**What this task involves**
Exclude all pictures, and reproduce exactly the lines from the one containing "Image du produit" through the end of the records, with nothing else added.

The data Block Start

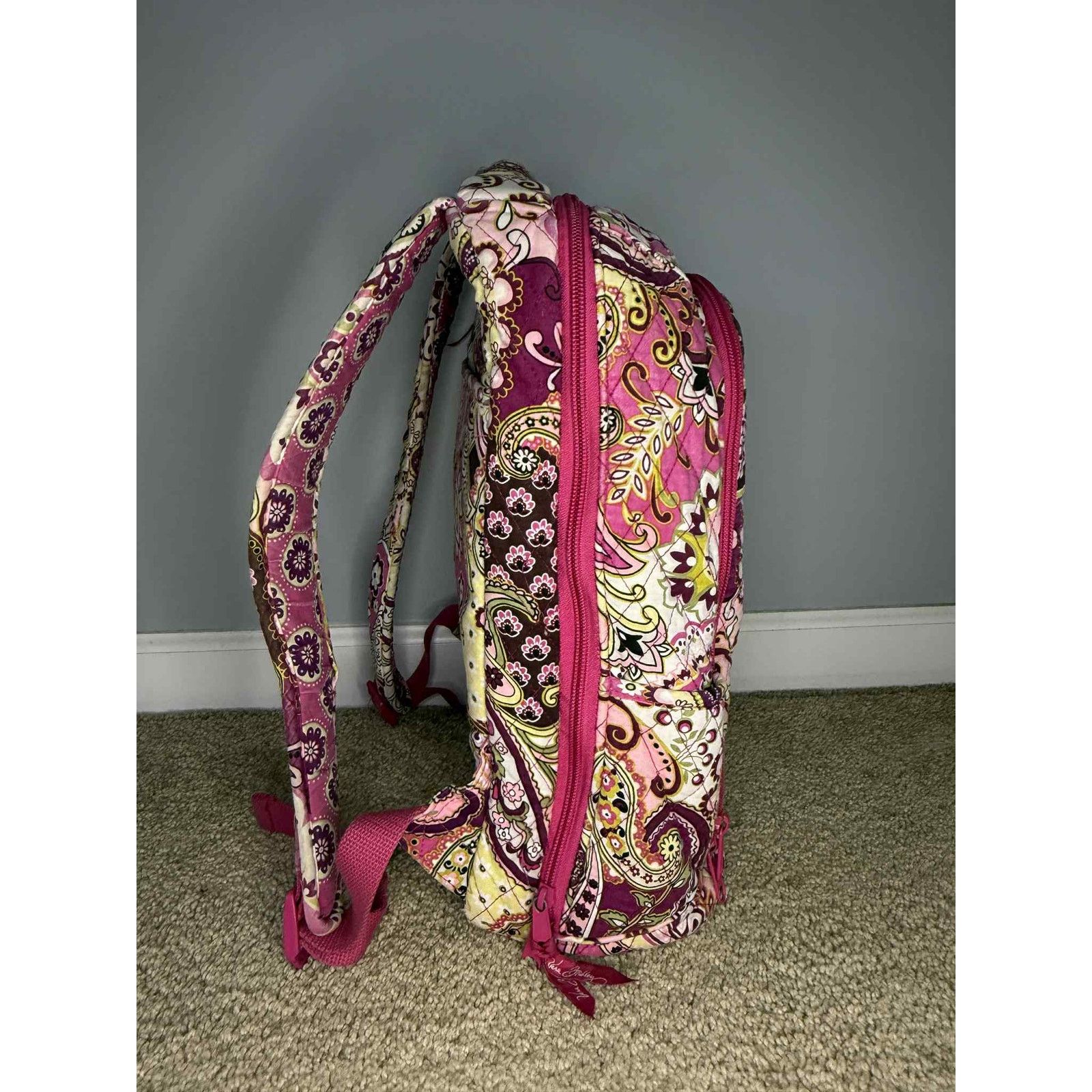 Vera Bradley Vera Bradley Quilted Paisley Campus Backpack Pink Size ONE SIZE - 6 Thumbnail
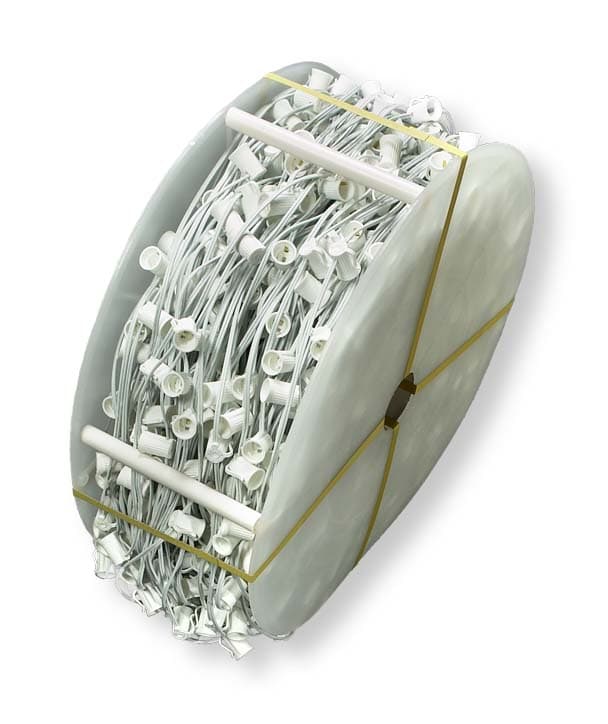 C7 1000′ White Wire – 12″ Spacing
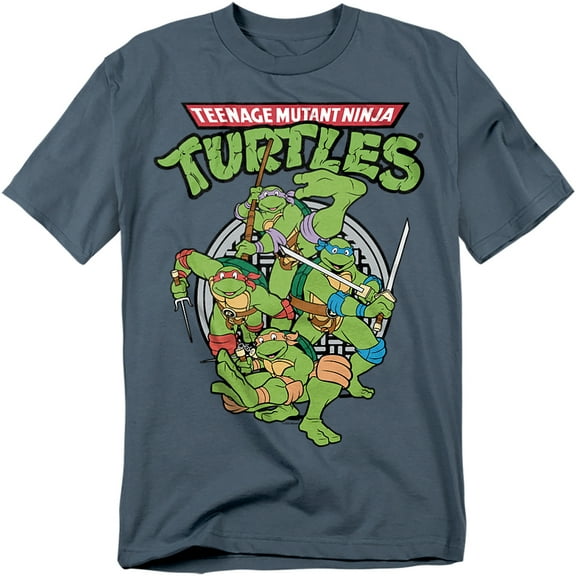 Teenage Mutant Ninja Turtles T-Shirt Group Unisex Graphic Tee for Men & Women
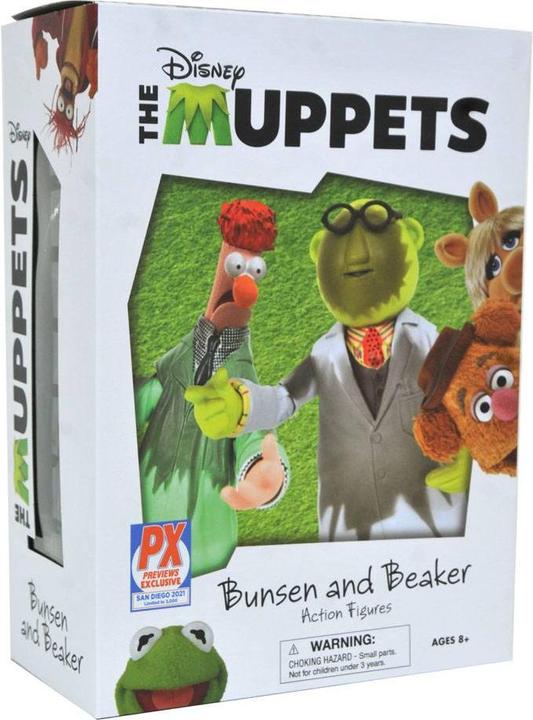 Image du produit Diamond Select Toys The Muppets Action Figures Box Set Lab Accident Bunsen & Beaker SDCC 2021 Previews Exclusive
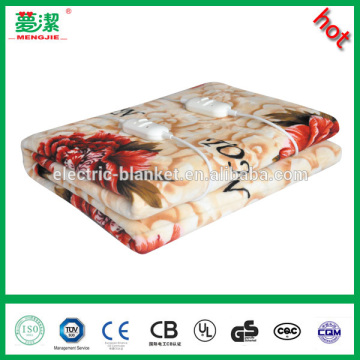 safe thermostat electric heated blanket double bed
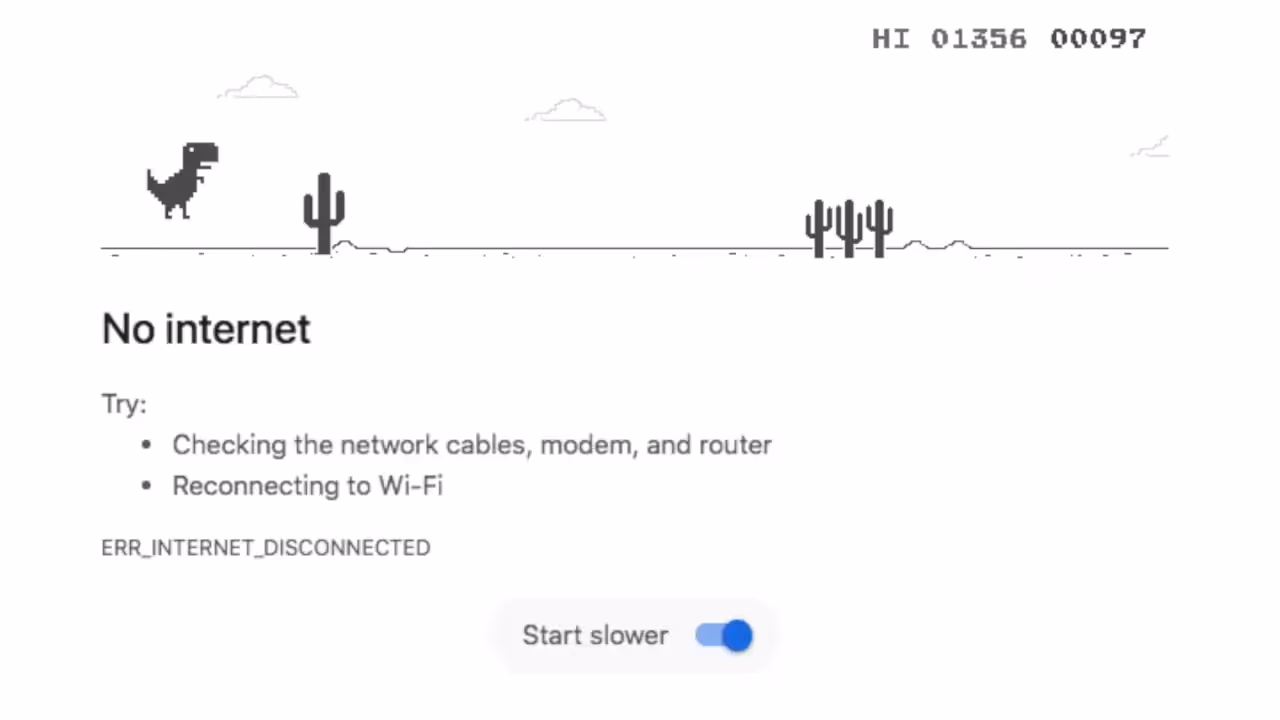 No Internet and Furious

The data Block End

**Response below**
 Image du produit Diamond Select Toys The Muppets Action Figures Box Set Lab Accident Bunsen & Beaker SDCC 2021 Previews Exclusive
 safe thermostat electric heated blanket double bed
 No Internet and Furious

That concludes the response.